Speaker
Description
Hepatitis C virus (HCV), which affects about 58 million people, is classified into 8 genotypes and >90 subtypes. Genotypes differ at >30-35% of nucleotide positions while subtypes within a genotype differ at 15-25% of positions. While most subtypes can be cured by direct-acting antivirals, some are resistant to treatment. The Antiviral Unit at the UK Health Security Agency established a national genomic surveillance program to characterize by whole genome sequencing HCV samples difficult to subtype using standard methods. We developed a novel method to categorize these samples as belonging to a known subtype, a new subtype of a known genotype, or a new genotype. It requires reference sequences from known (pre-existing) subtypes; we used 238 International Committee on Taxonomy of Viruses HCV reference sequences. By comparison to intra- and inter-genotype reference pairs, we first identify whether, for sliding windows (500 nucleotides) across the genome, the sequence of interest is confidently more similar by genetic distance to the nearest reference genotype relative to other genotypes. Then we compare the percentage of windows with uncertain genotype classification for the genome of interest to that of reference genomes where we assume the genotype is new (IQR: 75-92%) or pre-existing (IQR: 0-51%). If the genotype is pre-existing, we determine for each window whether the distance between the genome of interest and the most closely related reference sequence falls within the distance distribution observed for intra- or inter-subtype reference pairs.
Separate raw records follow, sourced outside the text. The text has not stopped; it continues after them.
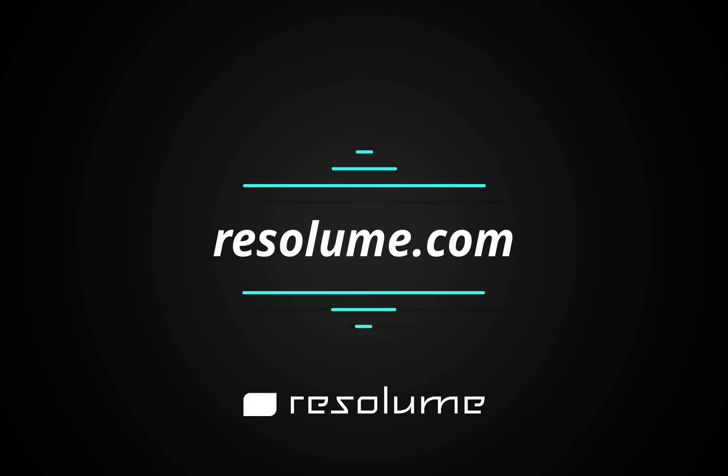Download a free demo of Resolume 6 over at Resolume.com.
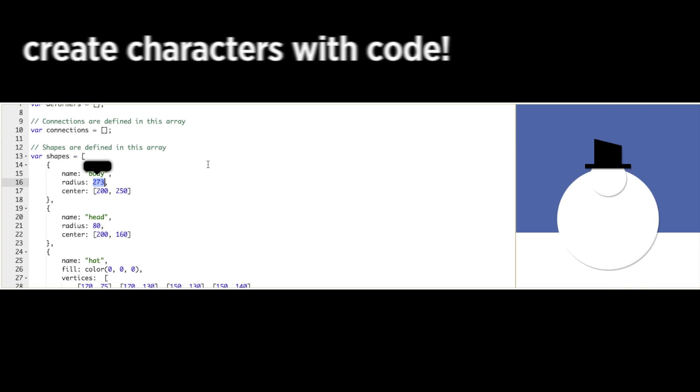When you finish rigging the head, move on to the next lesson where you'll learn to write code to make your own character.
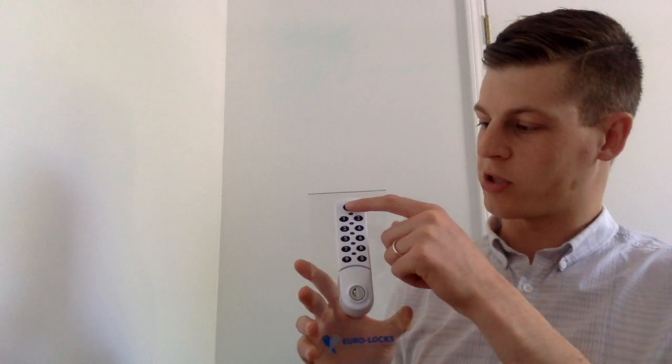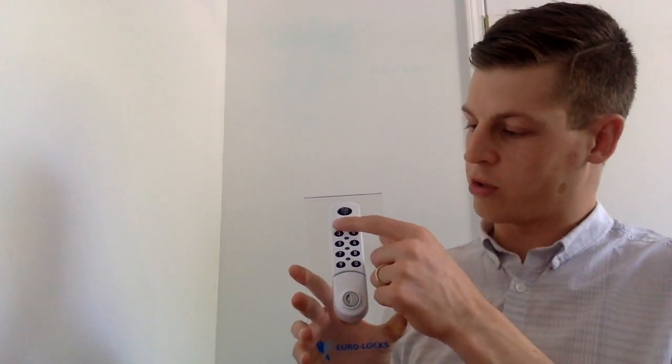There will always be three elements to programming this lock. First, you always press the logo. Second, you always input the master code. Third, you always input a two-digit code, which tells the lock what type of change you would like to make to its programming.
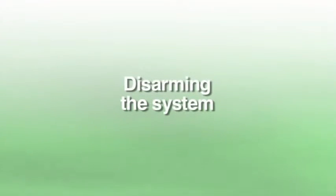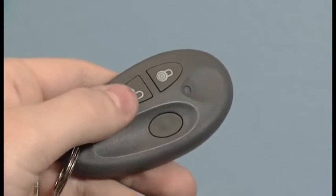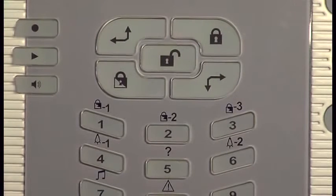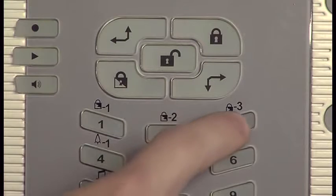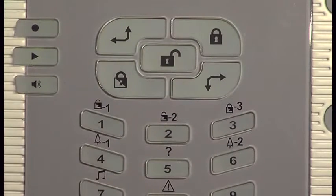Disarm the system. The system can be disarmed by pressing the disarm button on the remote control. The system can also be disarmed via the system itself. To do so, enter your four digit user pin and finally press the opened lock button.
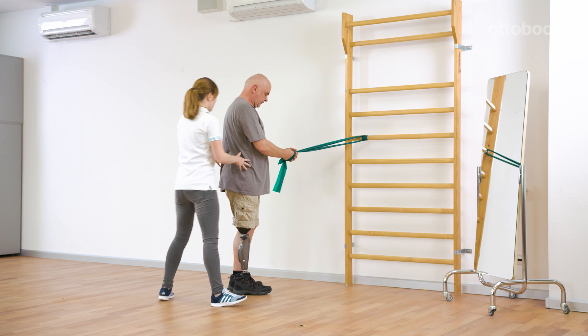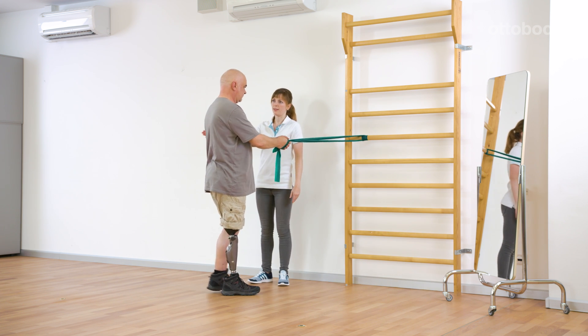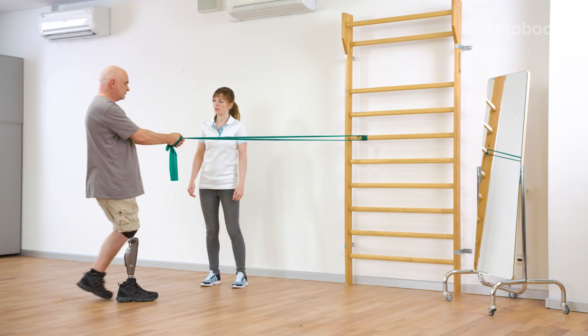It is also possible to move forward and backward against the tension of the strap. This exercise additionally trains slight yielding steps using the stance flexion resistance.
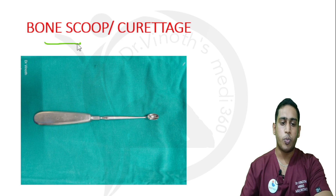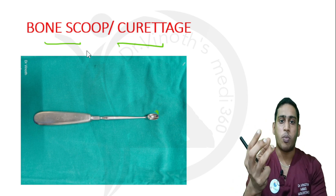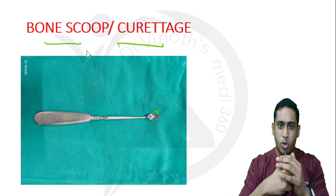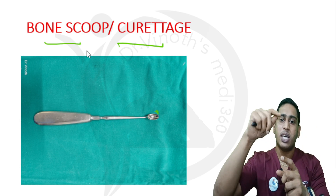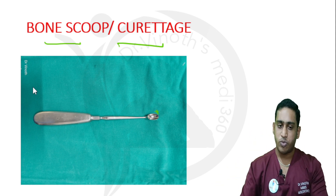This one is called a bone scoop or bone curette. If the tip is comparatively larger, it is called a bone scoop, and it is used to scoop out extra tissue or hematoma from the fracture site. When we open a fracture site, there may be excess callus growth or excess hematoma, and the bone scoop is inserted to remove the extra material not required at the fracture site. In small bones, the tip is smaller, and then it is called a bone curette.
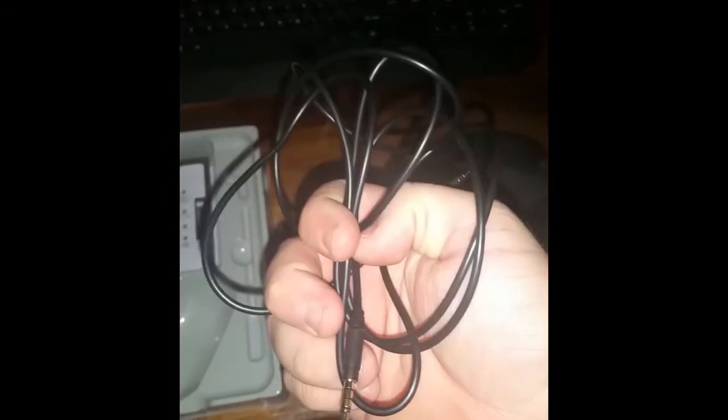It comes with a warranty card and a digital optical cable, which I have no clue what it's for — if you have any idea, just put it in your comments. I think it's for if you have a PS Vita or something. It also comes with an auxiliary cord so you can plug it into your phone, iPad, tablet, whatever.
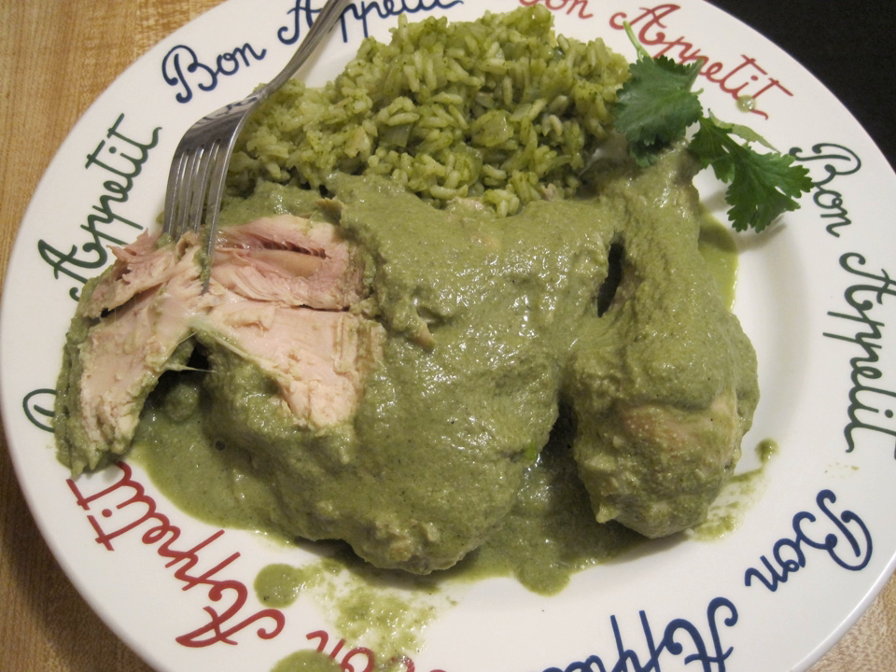Usually, they are served with patties of dried shrimp and potatoes in a mole sauce. They are traditionally enjoyed at Christmas and Lent.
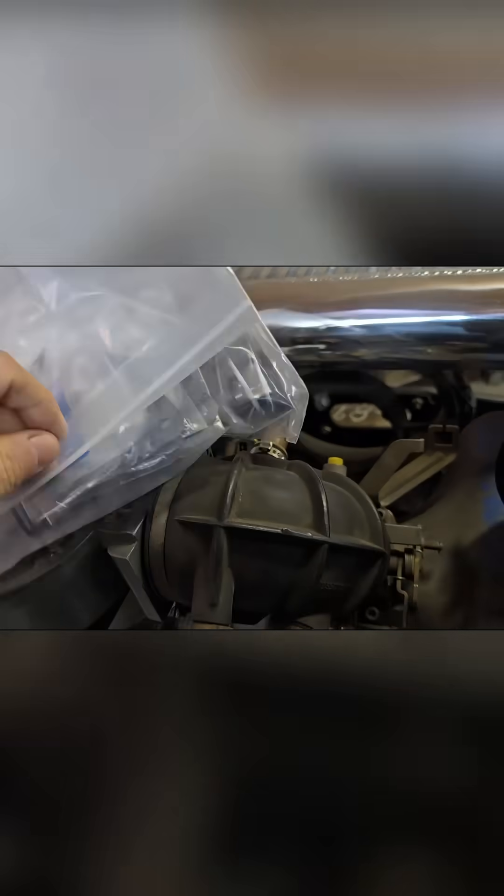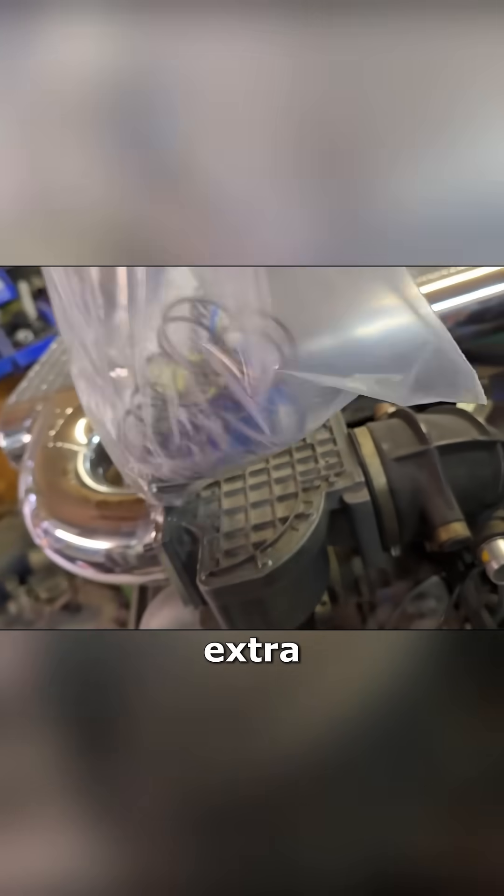We do have, in the bag, the 25 mil and 12.5 mil hose plugs that end up going here and here to plug off so we're not pressurizing the oil tank. We've got a couple extra gaskets in here as well as the springs to work with if you need to change the boost.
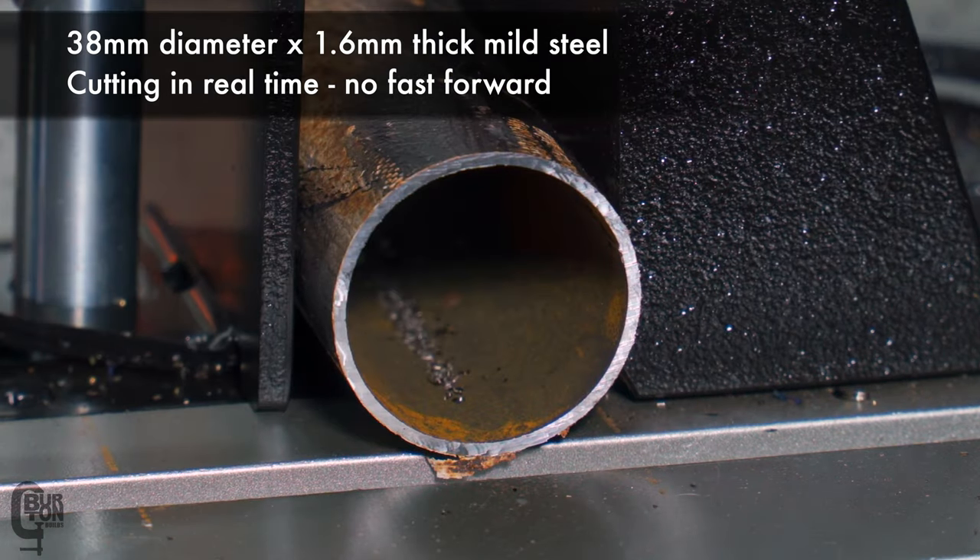After a couple of hours of testing, I've got some feedback. Looking at the samples we just cut, the cut quality is pretty damn good — nice and smooth. You can still see some teeth marks, but that's not a problem. The cuts are consistently square. Do remember before you start cutting to check that your clamp is set perfectly square to the blade before expecting a square cut.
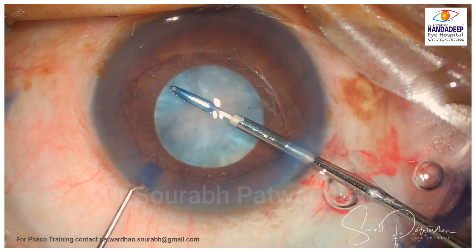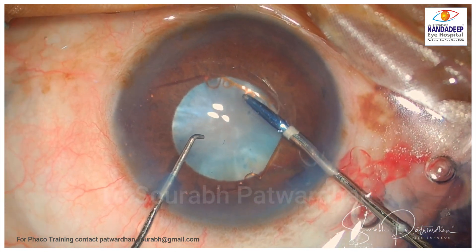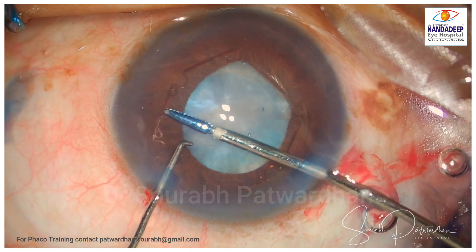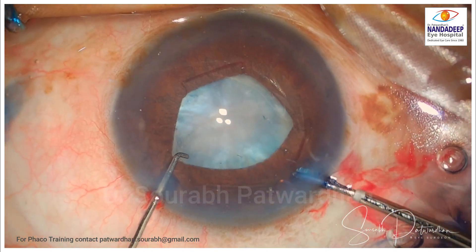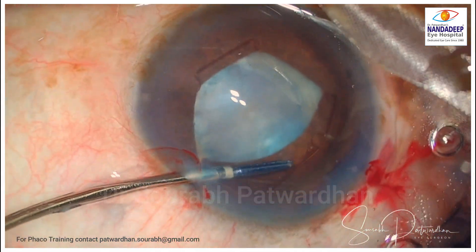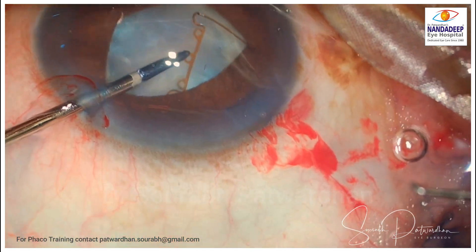Though it is a shallow anterior chamber, it is not an intumescent cataract as you can see from the anterior capsule — it is not bulging, though there is some fluid cortex there. I am going to use the B-hex pupil expansion ring, and I have already shown videos on how to insert it. In such cases where the pupil is a little rigid, you may face difficulties putting the third flange.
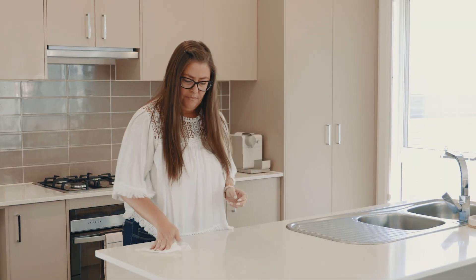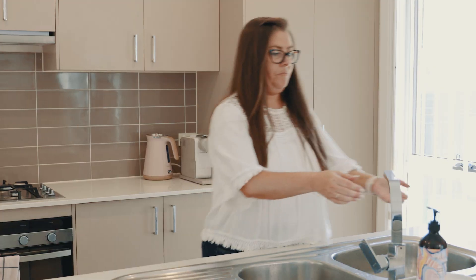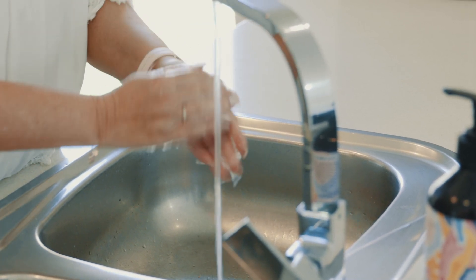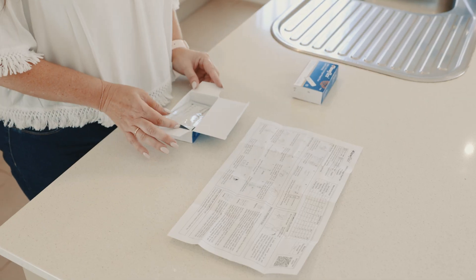Testing for COVID-19 is simple. Start with a clean and tidy surface and wash your hands thoroughly. Open your FlowFlex Rapid self-test kit and check that you have everything.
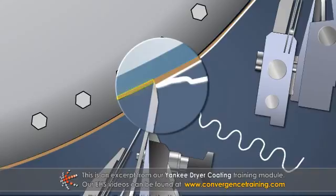Secondly, not all of the coating is removed by the creping blade. Some coating remains on the dryer surface at all times.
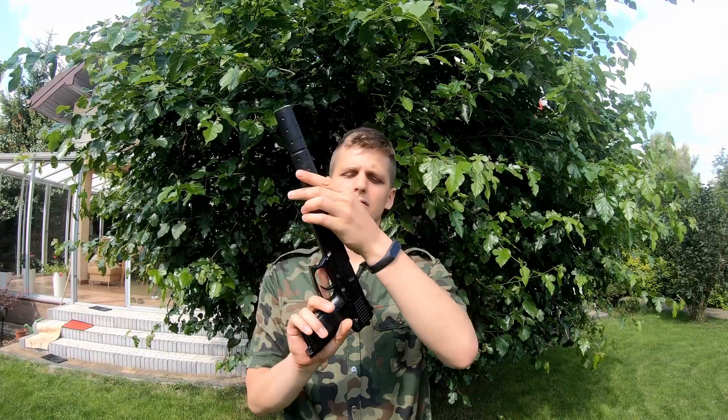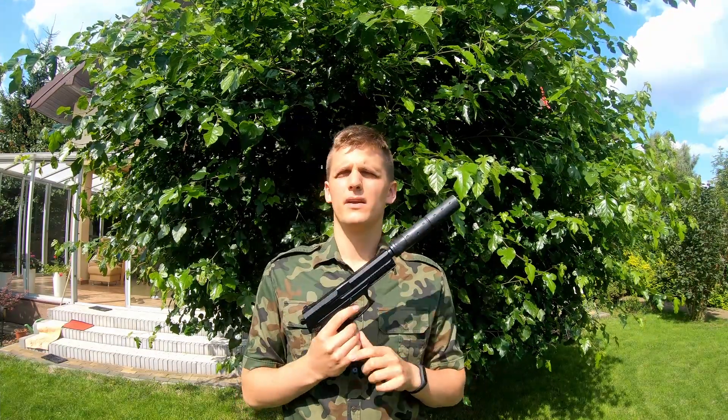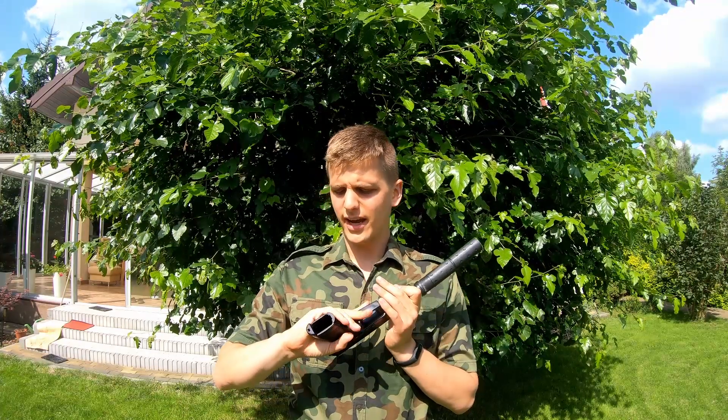Just look at this beauty. It's only around 40 euro — a non-blowback gas pistol — but it has such a cool look, and it's very handy for bigger-handed people. This look and the price are its biggest advantages. When I play with it, I feel like a special operations agent.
Applying this method to three sequences unclassifiable by standard bioinformatic tools identified two new genotype 8 subtypes with >85% of their genomes having genetic distances to genotype 8 sequences within the typical inter-subtype distance range, and potentially a new genotype that has uncertain genotype classification across 94% of its genome. The method developed here can be applied to subtype and genotype classification of other viruses.